La toute première question qui se pose est de savoir pourquoi c’est le syndicat des travailleurs qui se lance dans cette guerre contre des » magistrats véreux » selon son communiqué et non l’Association Professionnelle des Banques (APB) qui constitue en quelque sorte le syndicat des patrons de banques.
Des condamnations judiciaires en cascade contre des établissements bancaires et toute autre entreprise d’ailleurs, constituent un risque pour eux. Outre le fait qu’ils perdent de l’argent, il y a lieu de craindre que des difficultés économiques ne les contraignent à mettre la clé sous le paillasson. On peut imaginer les conséquences d’une telle situation en terme de pertes d’emplois. De ce point de vue, on peut comprendre les préoccupations de la FESABAG. Mais lorsqu’elle est la seule à se faire entendre pendant que l’APB se mure dans un silence inexplicable, on doit se poser des questions. On a même l’impression parfois que les intérêts des salariés et des employeurs sont opposés dans cette affaire. En effet, pendant que la FESABAG déclare que ce service minimum ne sera pas assuré ce lundi dans les banques, l’APB affirme le contraire.
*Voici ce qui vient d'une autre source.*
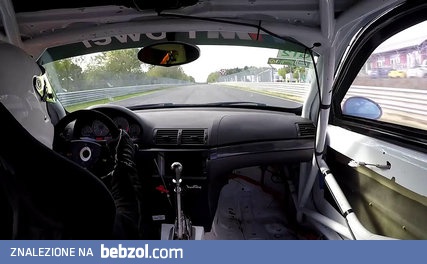 Odpadły mu drzwi podczas jazdy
Par ailleurs, le Secrétaire général de la FESABAG a été imprudent dans sa communication en parlant de « magistrats véreux » sans indiquer l’identité de ces magistrats. Chaque magistrat et l’institution judiciaire de façon générale peuvent se sentir atteints dans leur honneur et leur dignité. Si des noms précis avaient été cités avec des preuves à l’appui, il y aurait eu moins de réprobation. Encore qu’il existe des voies de recours et la possible de saisir le Conseil supérieur de la magistrature. La Guinée est l’un des rares pays où même l’insuffisance professionnelle du magistrat constitue une faute passible de sanction disciplinaire.
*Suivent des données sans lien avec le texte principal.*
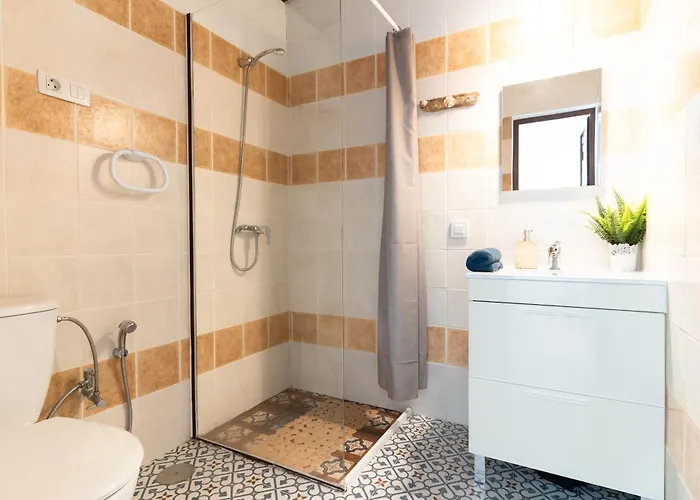 Neon Tenerife Arona (Tenerife)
Mais il faut relever que les journalistes qui tombent à bras raccourcis sur Monsieur Abdoulaye Sow ne sont pas bien placés pour lui donner des leçons de respect et de tempérance lorsqu’ils parlent de la justice ou des magistrats. Quand on écoute certaines émissions de talk-show, on est pris d’inquiétude tellement les mots employés par certains chroniqueurs sont déplacés et à la limite de l’injure, de la diffamation ou de l’outrage. Ce n’est pas une manière de défendre M. Abdoulaye Sow. Mais chacun doit savoir raison garder et ne pas accabler autrui pour des faits dont il est arrivé qu’on se rende soi-même coupable par le passé.
Pour régler cette affaire, il serait sage que Monsieur Abdoulaye Sow et son ou ses conseil.s adoptent le profil bas en présentant des excuses publiques aux magistrats. Même si cette démarche n’éteint pas l’action publique, il pourrait bénéficier d’une dispense de peine au cas où sa culpabilité serait reconnue.
Cependant, il faut que la justice accepte elle aussi de faire son introspection et son autocritique.